» What is being asked
Below is a listing; write it out exactly and drop any images from it.

» Available data

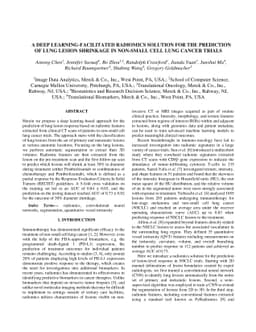 A deep learning-facilitated radiomics solution for the prediction of
  lung lesion shrinkage in non-small cell lung cancer trials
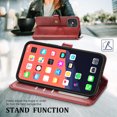thumbnail image 4 of Mantto Wallet Case for iPhone 13 Pro Max with Card Holder Slots, Folio Premium PU Leather Magnetic Flip Cover with Kickstand, ShockProof TPU Interior Case Compatible with iPhone 13 Pro Max, Red, 4 of 9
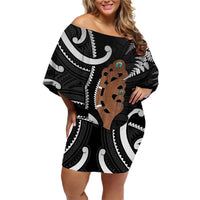 New Zealand Maripi Family Matching Off Shoulder Short Dress and Hawaiian Shirt Silver Fern Mix Aotearoa Maori Pattern LT14 Mom's Dress Black - Polynesian Pride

» Response to the exercise
 A deep learning-facilitated radiomics solution for the prediction of
  lung lesion shrinkage in non-small cell lung cancer trials
thumbnail image 4 of Mantto Wallet Case for iPhone 13 Pro Max with Card Holder Slots, Folio Premium PU Leather Magnetic Flip Cover with Kickstand, ShockProof TPU Interior Case Compatible with iPhone 13 Pro Max, Red, 4 of 9
 New Zealand Maripi Family Matching Off Shoulder Short Dress and Hawaiian Shirt Silver Fern Mix Aotearoa Maori Pattern LT14 Mom's Dress Black - Polynesian Pride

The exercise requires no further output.